Takrif Lapar Hamsun

Lapar-Knut Hamsun Terbitan Yayasan Obor

Hamsun begitu pesimis menuliskan cerita Lapar, setidaknya itu kesan awal saya usai merampungkan buku terbitan Yayasan Obor ini. Melulu buku ini hanya menceritakan soal kelaparan yang melanda tokoh utama, cara bertahan menghadapi lapar, dan bagaimana menuntaskan kelaparannya. Mungkin kiranya buku ini pantas dibaca oleh orang-orang yang ingin menjalani laku hidup prihatin.
Tokoh utama tidak bernama, Hamsun menggunakan sudut pandang aku untuk menceritakannya.
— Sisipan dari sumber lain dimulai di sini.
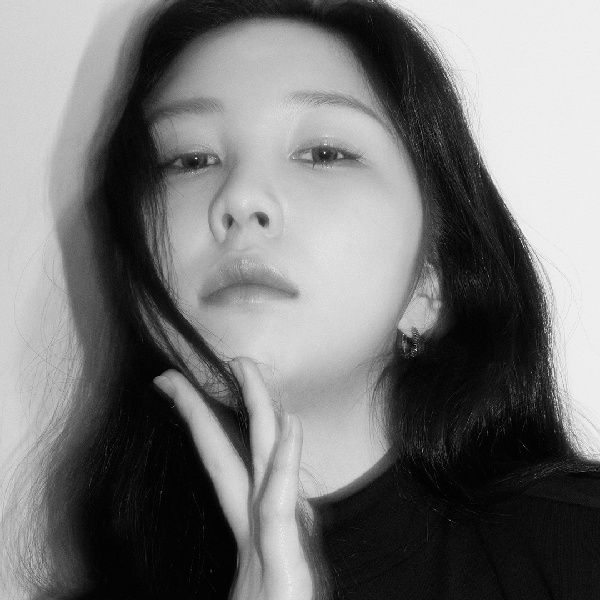 Kwon Jin Ah artist photo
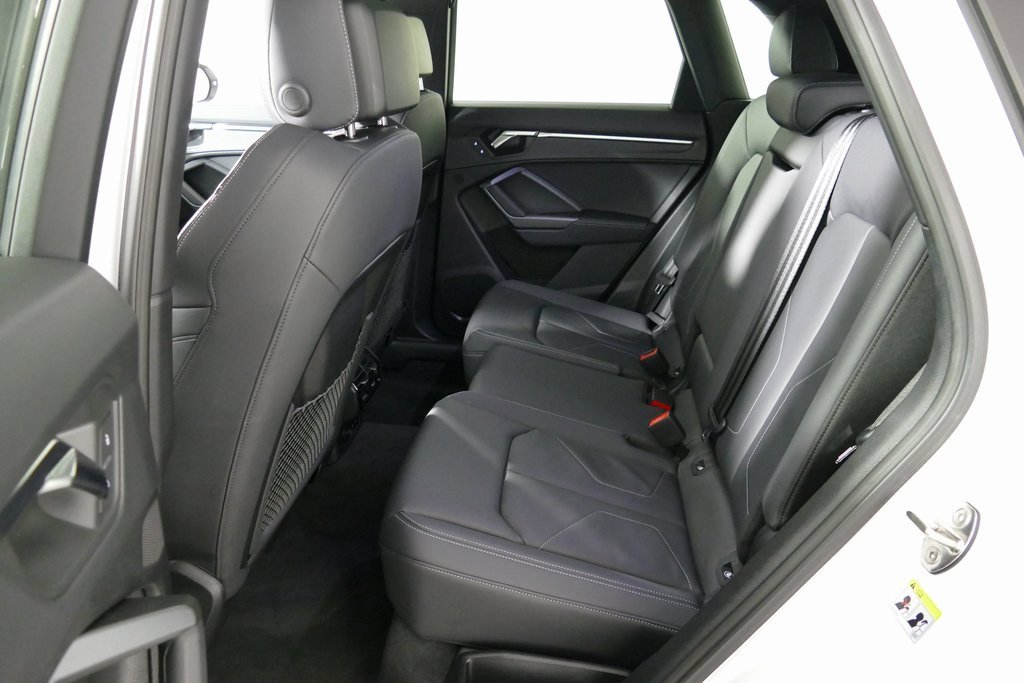 Certified 2025 Audi Q3 2.0T Premium w/ Black Optic Sport Package image 29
Bagaimana kalau kita sepakati untuk memanggilnya sebagai Hamsun saja?
Kesan selanjutnya, menjadi ideal dan menjunjung idealisme itu tak gampang. Hamsun seorang penulis bertahan hidup hanya dari tulisan-tulisan yang ia anggap ideal. Cilakanya yang dianggap ideal olehnya belum tentu dianggap bagus oleh redaktur-redaktur. Tulisan-tulisan Hamsun memang tak langsung bisa dimuat begitu saja. Ada momen ketika tulisannya ditolak dan merasa frustasi bahwa ia sesunggunya terlalu pandir dalam menulis.
Dari pekerjaan menulisnya Hamsun mendapat uang. Jika tulisannya laku ia akan mendapat uang untuk membeli makanan mengobati rasa laparnya. Ia mendapat 5-10 krone ketika artikelnya dimuat dalam koran. Dengan uang itu ia dapat membeli makanan enak sebagai obat lapar yang berhari-hari ditanggungnya. Usai memuaskan hasrat makannya tak lama kemudian ia kembali menjadi miskin.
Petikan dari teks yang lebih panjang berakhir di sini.